Former sports minister Lord Moynihan has been chosen as the new chairman of the British Olympic Association.
Moynihan (right) succeeds Reedie (left)
The Conservative peer was voted in ahead of 1968 Olympic hurdles champion David Hemery by 28 votes to 15.
Moynihan, 50, said: "It's a very great honour to represent the governing bodies of sport as chairman of the BOA.
"With a strong team in place we intend to generate a financial and sporting legacy for UK Olympic governing bodies which befits a host Olympic nation."
Moynihan takes over from Scotland's Craig Reedie, who has been at the BOA's helm for 13 years. Reedie will remain a British representative on the International Olympic Committee (IOC).
Moynihan will serve an initial three-year term while Hemery will continue in his role as vice chairman.
The 28 summer Olympic and seven winter Olympic sports each had a vote as well as individual members of the BOA.
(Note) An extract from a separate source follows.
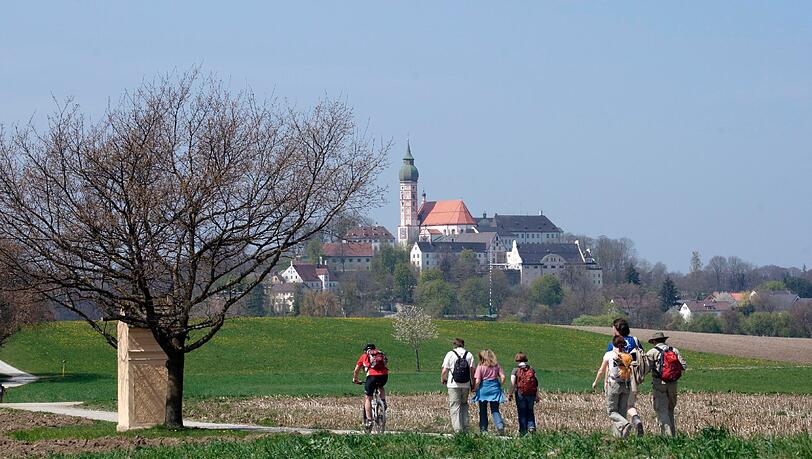 Idyllisch: der Weg nach Andechs. Idyllisch: der Weg nach Andechs.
BOA chief executive Simon Clegg said: "I am extremely excited at the prospect of working with Colin Moynihan to deliver the vision of the Olympic governing bodies at this critical time in our history.
"I have known Colin for nearly 20 years now and am convinced that his enthusiasm, leadership and passion for sport will enable the BOA to make the necessary step-change to meet the challenges we face in the build-up to the London Olympic Games in 2012."
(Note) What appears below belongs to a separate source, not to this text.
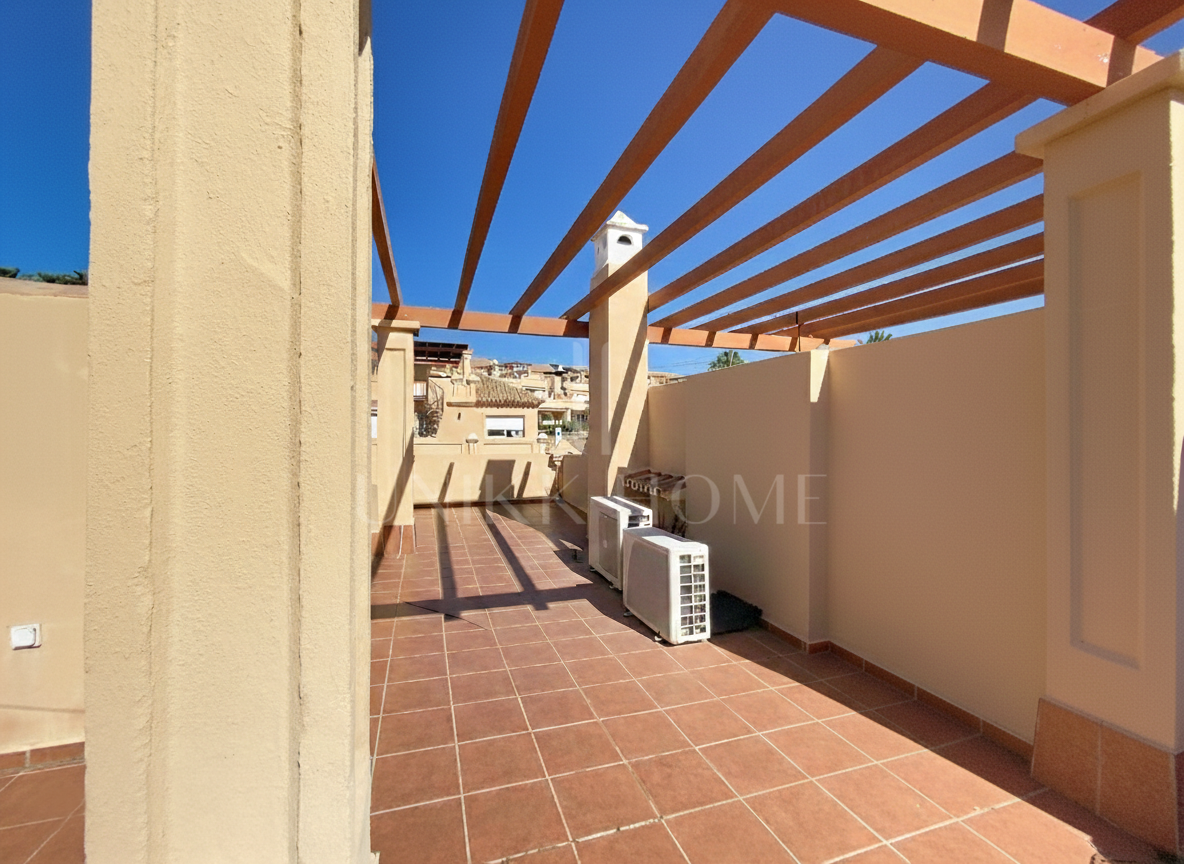 Spectacular Townhouse Close to the Beach with Private Lift and Sea Views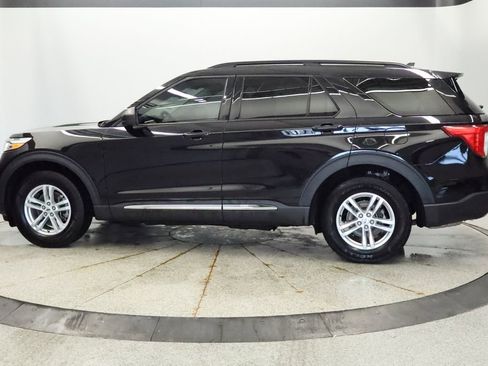 Used 2023 Ford Explorer XLT w/ Equipment Group 202A image 2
Moynihan's success will cause some disquiet in Whitehall after his criticisms of Government sports policy, especially as he will now play a key role in the preparations for the London Olympics.
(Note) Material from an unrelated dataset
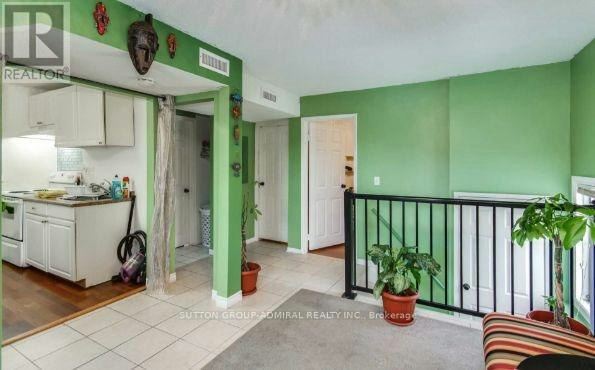 UPPER-2538 Weston Road, Toronto, ON, M9N 2A6 - 2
With Moynihan's friend Lord Coe already the chairman of London 2012, it means there are now two Conservative peers in senior positions connected with a Games which the government wants to be seen as a New Labour legacy.
However, Olympics Minister Tessa Jowell said: "I congratulate Lord Moynihan on his election as chairman of the British Olympic Association.
"The close co-operation between government, the mayor (of London Ken Livingtone) and the BOA was a key factor in our success in Singapore and I hope this spirit of partnership continues during the next seven years."
Moynihan will be one of four members of the all-powerful Olympic Board for 2012 along with Coe, Jowell and Livingstone.
Moynihan has promised to step down from politics and has pointed to his participation in the 1980 Olympics as evidence of his ability to remain independent.
The then Prime Minister Margaret Thatcher failed to persuade the BOA to boycott the Games and Moynihan, who became her sports minister seven years later, took part and won a silver medal as the cox to the men's rowing eight.
Moynihan, who had the sports minister job from 1987 to 1990, said: "The BOA has always proudly defended its independence and I was very much a beneficiary of that in 1980.
"I believe that independence continues to be regarded as a high priority by BOA members."
There will have to be some bridge-building by Moynihan, who two weeks ago published the results of an independent sports review he chaired with Kate Hoey MP which was almost completely opposed to current government policy.